- Born: Paul Archibald Vianney Ansah 20 February 1938
- Died: 1993 (aged 54–55)
- Other names: PAVA; PAV
- Occupation: Freedom fighter

= P.A.V. Ansah =

Ghanaian freedom fighter

Paul Archibald Vianney Ansah (20 February 1938 – 14 June 1993), popularly called P.A.V. Ansah, was a Ghanaian freedom fighter. He was once described as "the uncaged bird in Ghana's politics", at a time when press freedom was denied. He was affectionately called PAVA.

He is specifically credited with setting the tone for the study and practice of mass communications in Ghana.

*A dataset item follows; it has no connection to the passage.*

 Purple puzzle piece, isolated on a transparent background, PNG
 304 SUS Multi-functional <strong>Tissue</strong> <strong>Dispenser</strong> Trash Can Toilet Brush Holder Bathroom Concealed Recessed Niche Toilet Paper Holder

Ansah died on 14 June 1993.

A collection of Ansah's writings between 1991 and 1993, comprising articles published in his column in the Ghanaian Chronicle, together with his contributions to other publications, was published in 2013 with the title Going to Town: The Writings of P.A.V. Ansah, edited by Professors Kwesi Yankah, Kwame Karikari and Audrey Gadzekpo.

== Legacy ==
The Ghana Journalists Association has honoured him at their annual awards meant to recognize extraordinary work as the best journalist in the country. EMY Africa has also named the best communicator award after PAV Ansah.